Kinetics of the polymerization of aromatic amines by ferric chelates in aqueous solutions

Abstract

AbstractIt was found that the oxidative polymerization of aromatic amines in the presence of oxygen with ferric chelate in aqueous solutions proceeds via a mechanism similar to that of the MICHAELIS‐MENTEN reaction, the steady state being maintained during the polymerization. On the basis of this mechanism, a kinetic analysis was carried out.The rate constant of the polymerization of p‐phenylenediamine (p‐PD) with Fe(III)EDTA (ferric ethylendiaminetetraacetic acid) (k2) reaches its maximum at pH 7–8, but K1 (the reciprocal of the MICHAELIS constant (Km)) exhibits a minimum in this pH region. From the fact that the rate constant of the oxidation reaction of Fe(II)EDTA alone with oxygen (k0) is very small compared with k2, it was assumed that oxygen is part of the activated radical complex composed of the iron chelate and the monomer.
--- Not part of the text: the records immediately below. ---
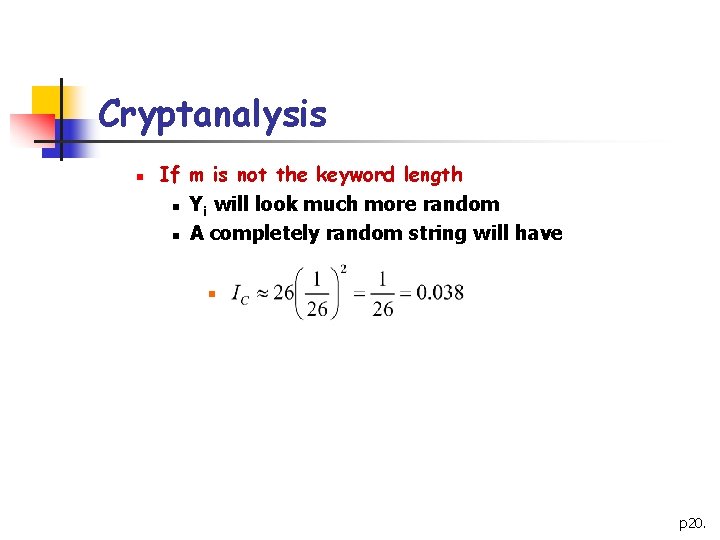 Cryptanalysis n If m is not the keyword length n Yi will look much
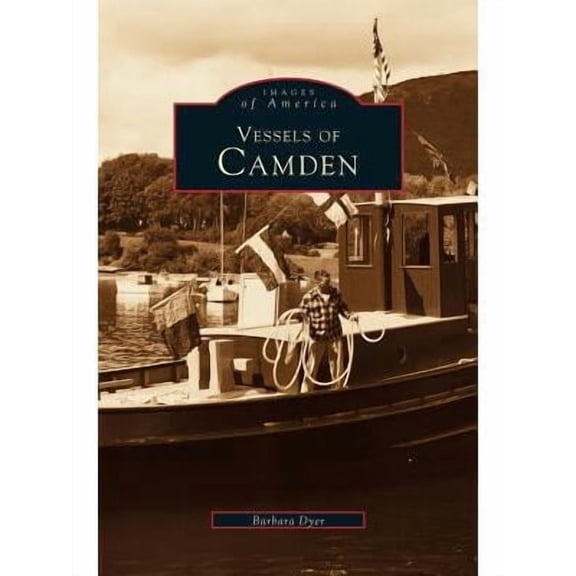 Vessels of Camden (Hardcover)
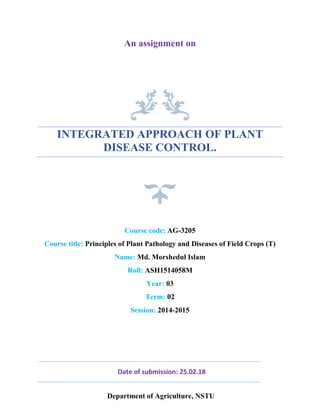 An assignment on
INTEGRATED APPROACH OF PLANT
DISEASE CONTROL.
Session: 2014-2015
Course code: AG-3205
Course title: Principles of Plant Pathology and Diseases of Field Crops (T)
Name: Md. Morshedul Islam
Roll: ASH1514058M
Year: 03
Term: 02
Date of submission: 25.02.18
Department of Agriculture, NSTU
 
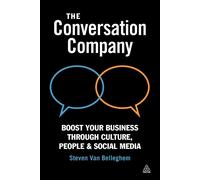 The Conversation Company: Boost Your Business Through Culture, People and ...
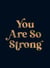 You Are So Strong - Positive Quotes and Uplifting Statements to Boost Your Mood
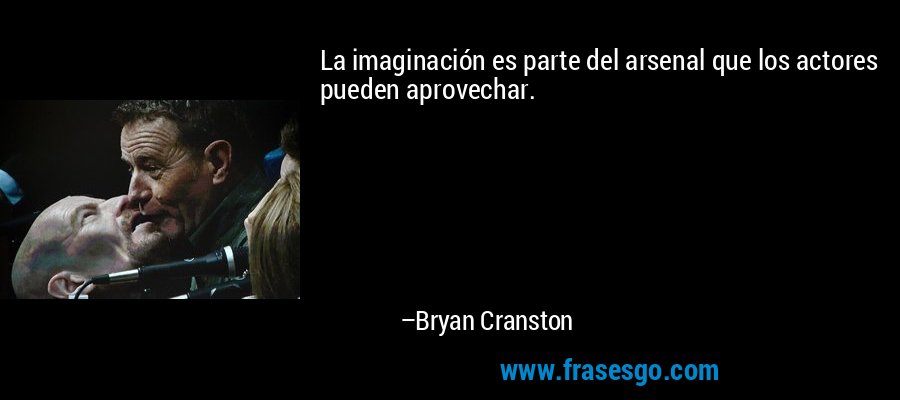 La imaginación es parte del arsenal que los actores pueden aprovechar. – Bryan Cranston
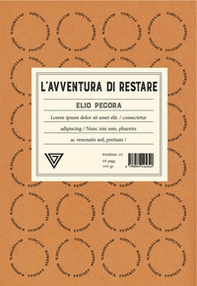 L'avventura di restare - Librerie.coop L'avventura di restare - Librerie.coop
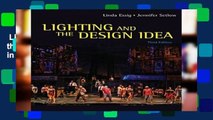 Library  Lighting and the Design Idea (Wadsworth Series in Theatre)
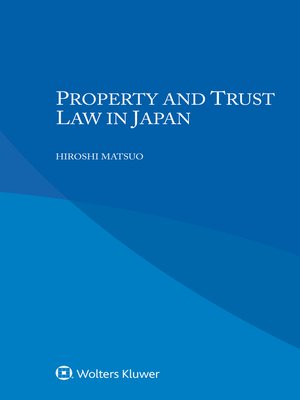 cover image of Property and Trust Law in Japan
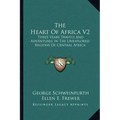 The Heart of Africa V2: Three Years Travels and Adventures in the Unexplored Regions of Central Africa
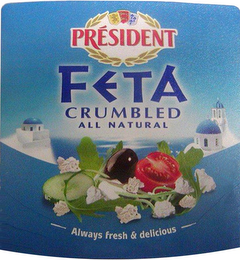 PRÉSIDENT FETA CRUMBLED ALL NATURAL ALWAYS FRESH & DELICIOUS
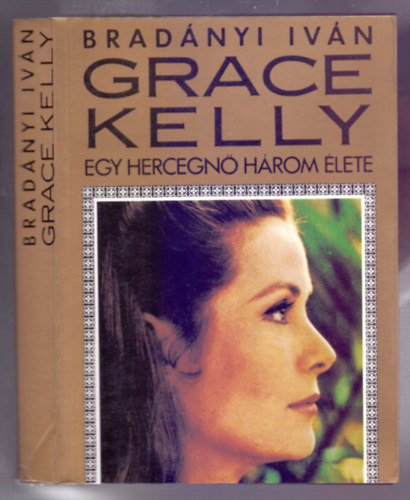 Grace Kelly (Egy hercegn hrom lete)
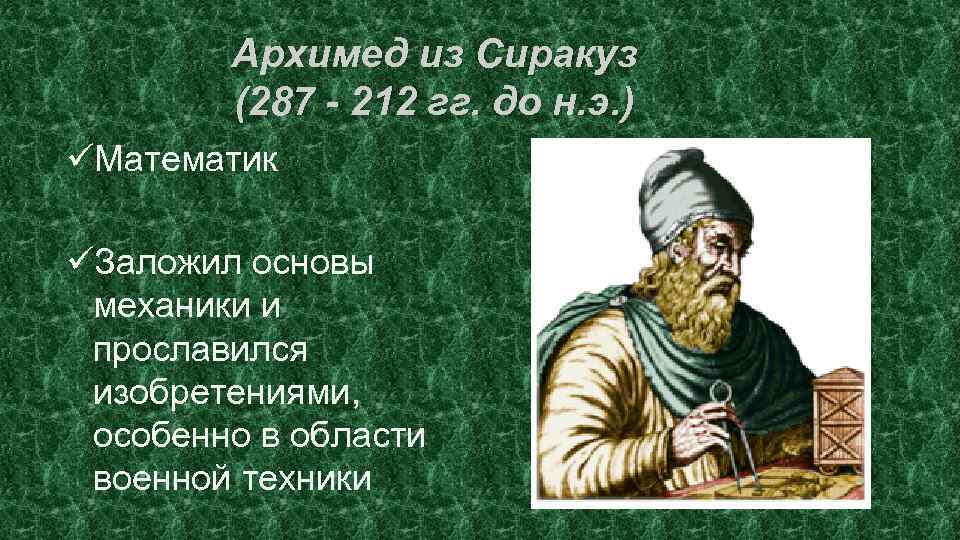 Архимед из Сиракуз (287 - 212 гг. до н. э. ) üМатематик üЗаложил основы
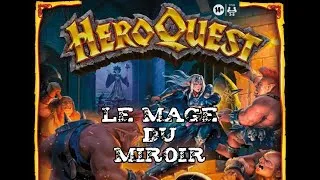 Miniature : HeroQuest - VF FR - Le mage du miroir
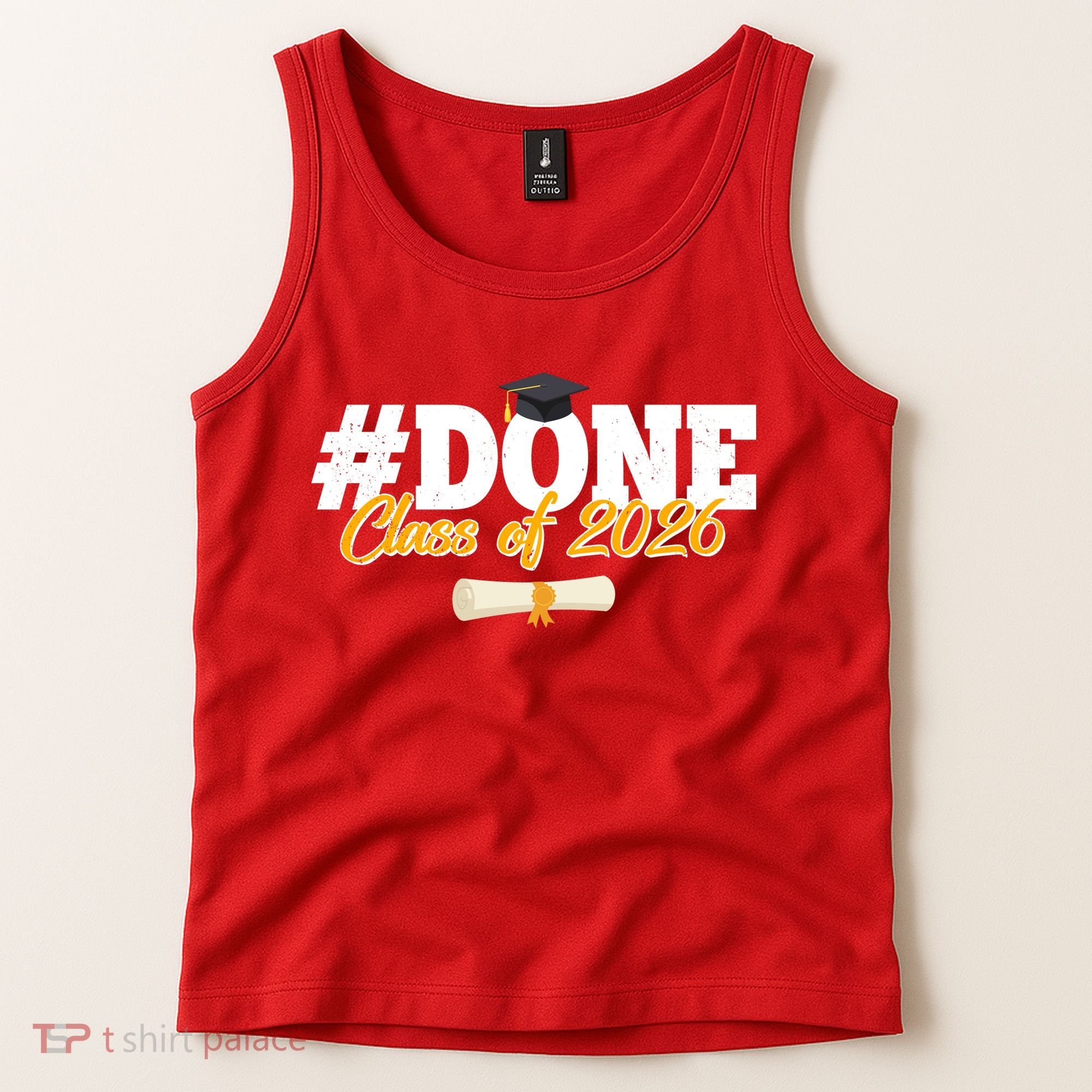 #Done Class Of 2026 Senior Grad Graduation Tank Top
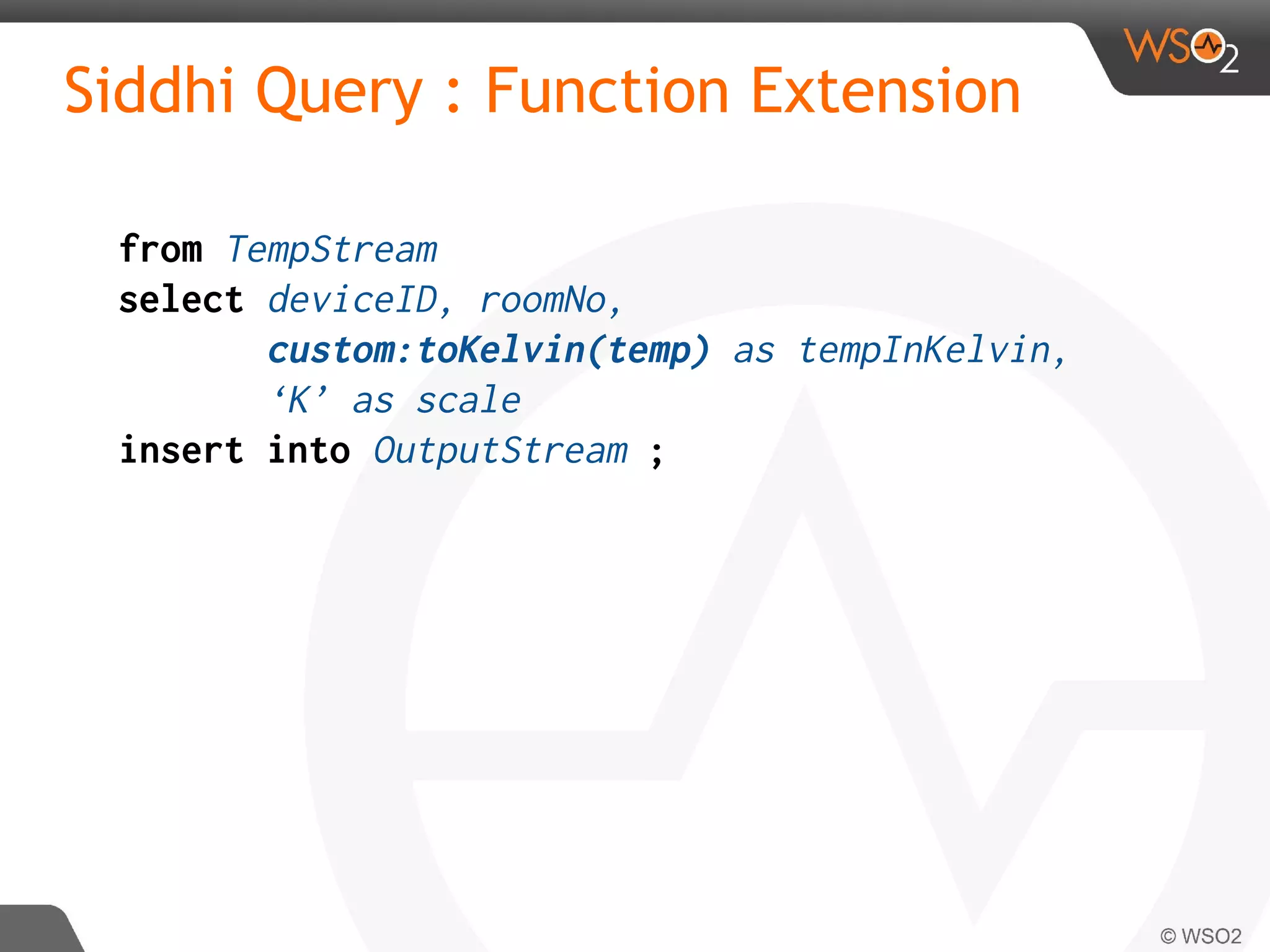 Siddhi Query : Function Extension
from TempStream
select deviceID, roomNo,
custom:toKelvin(temp) as tempInKelvin,
‘K’ as scale
insert into OutputStream ;
 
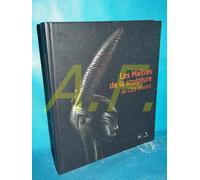 LES MAITRES DE LA SCULPTURE DE COTE D'IVOIRE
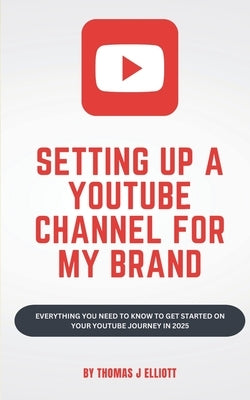 Setting up a YouTube channel for my brand: Everything you need to know to get started on your YouTube journey in 2025 by Elliott, Thomas James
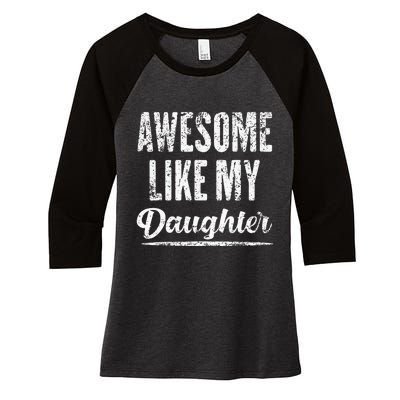 Awesome Like My Daughter Funny Fathers Day From Daughter Women's Tri-Blend 3/4-Sleeve Raglan Shirt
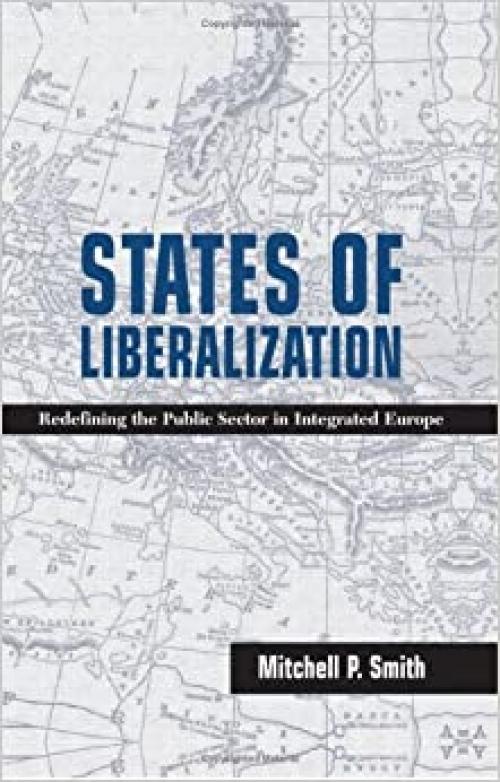  States of Liberalization: Redefining the Public Sector in Integrated Europe (SUNY series in Global Politics) 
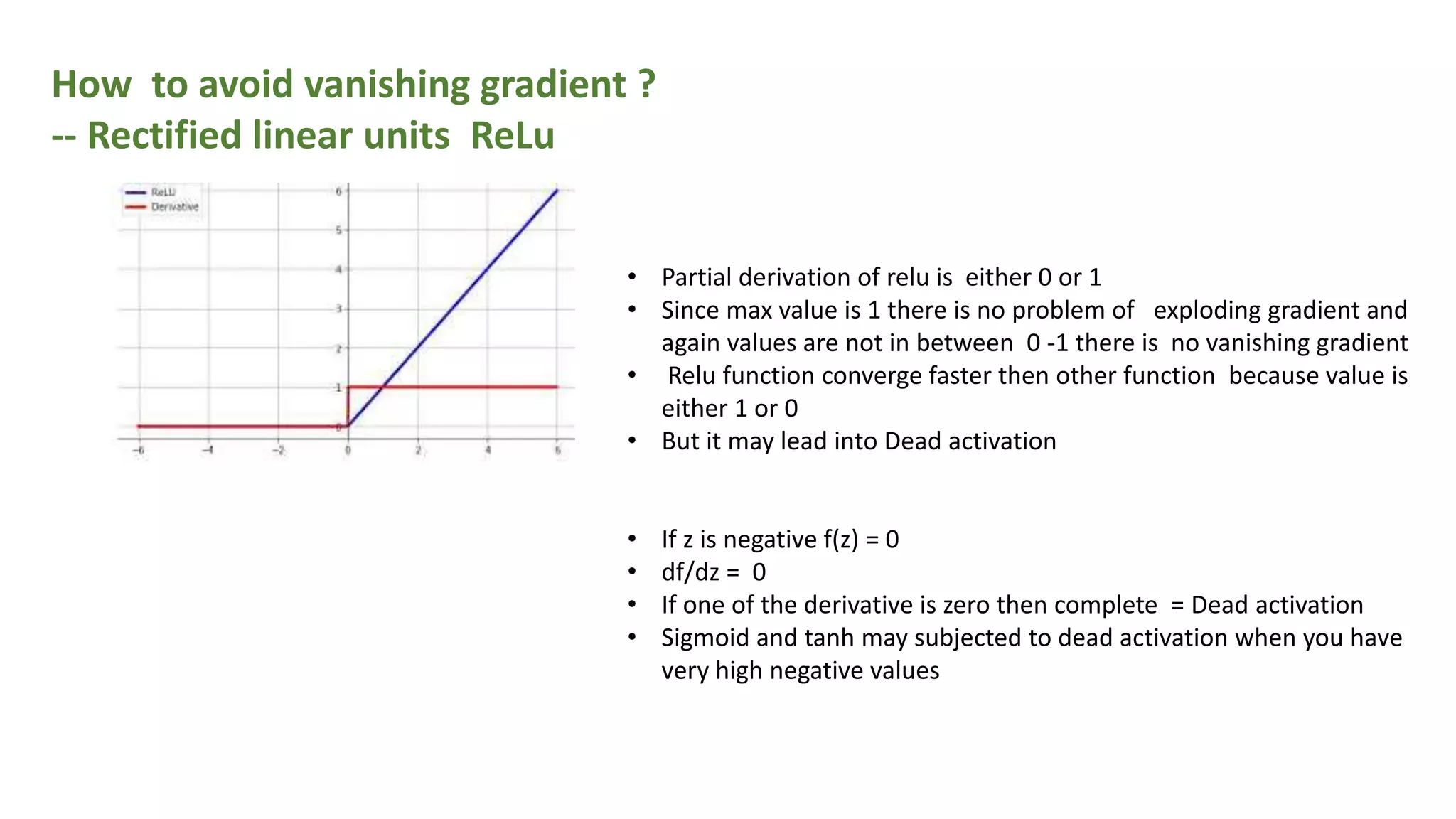 How to avoid vanishing gradient ?
-- Rectified linear units ReLu
• Partial derivation of relu is either 0 or 1
• Since max value is 1 there is no problem of exploding gradient and
again values are not in between 0 -1 there is no vanishing gradient
• Relu function converge faster then other function because value is
either 1 or 0
• But it may lead into Dead activation
• If z is negative f(z) = 0
• df/dz = 0
• If one of the derivative is zero then complete = Dead activation
• Sigmoid and tanh may subjected to dead activation when you have
very high negative values
 
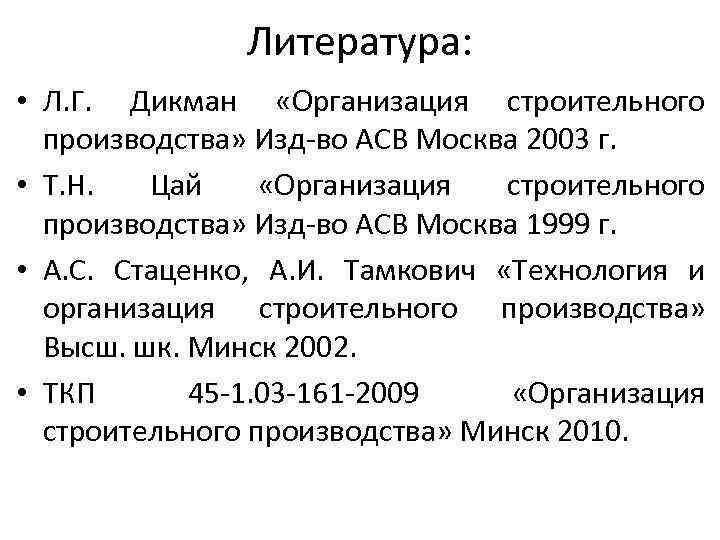 Литература: • Л. Г. Дикман «Организация строительного производства» Изд во АСВ Москва 2003 г.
When different ferric chelates are used, the k2 values vary in this order: Nitrilotriacetic acid (NTA) < N‐hydroxyethylethylenediamine‐N.N′.N′‐triacetic acid (HEDTA) < ethylenediaminetetraacetic acid (EDTA) > diethylenetriaminepentaacetic acid (DTPA) > cyclohexylenediaminetetraacetic acid (CyDTA), but K1 decreases in the following order: NTA > HEDTA ≈ EDTA > CyDTA > DTPA. The order of the K1 values for different amines is in accordance with their basicity. Comparing with ferric and cupric chelates, both k2 and K1 exhibit this order: Fe(III)EDTA > Cu(II)EDTA. The above results suggest k2 to be separated into an electron‐transfer step (ke) and a dissociation step of the activated monomer (kd), and that the k2 value is close to that of kd, the latter being the rate‐determining step.